Annotated photo localization data
----------------------------------------
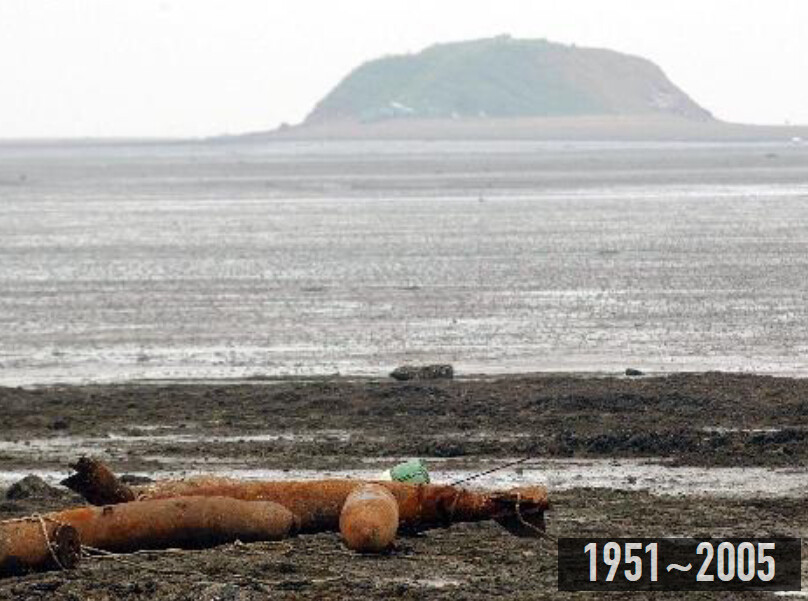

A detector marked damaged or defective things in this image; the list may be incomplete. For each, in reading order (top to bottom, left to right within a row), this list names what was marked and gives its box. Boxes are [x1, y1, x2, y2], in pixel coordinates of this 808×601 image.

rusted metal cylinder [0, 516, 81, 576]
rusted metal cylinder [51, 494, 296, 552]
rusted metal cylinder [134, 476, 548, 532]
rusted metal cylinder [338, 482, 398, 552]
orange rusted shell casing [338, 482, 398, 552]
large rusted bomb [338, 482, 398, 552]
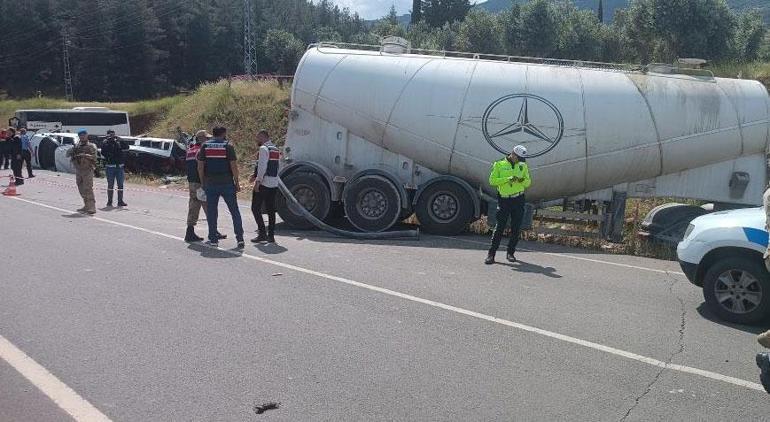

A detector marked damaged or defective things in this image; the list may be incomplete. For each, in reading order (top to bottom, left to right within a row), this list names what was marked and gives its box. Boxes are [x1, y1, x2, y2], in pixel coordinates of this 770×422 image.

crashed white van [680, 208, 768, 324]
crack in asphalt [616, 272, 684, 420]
----------------------------------------
• _Required action_: Emit verbatim the lines running from the one with "this 770×422 image." through the last line of the data, both endpoints inclusive.

• _Problem solution_:
A detector marked damaged or defective things in this image; the list may be incomplete. For each, in reading order (top to bottom, left to right within a row), this list names what was marked and gives its box. Boxes are [x1, y1, x2, y2], in pixel coordinates of this 770×422 image.

crashed white van [680, 208, 768, 324]
crack in asphalt [616, 272, 684, 420]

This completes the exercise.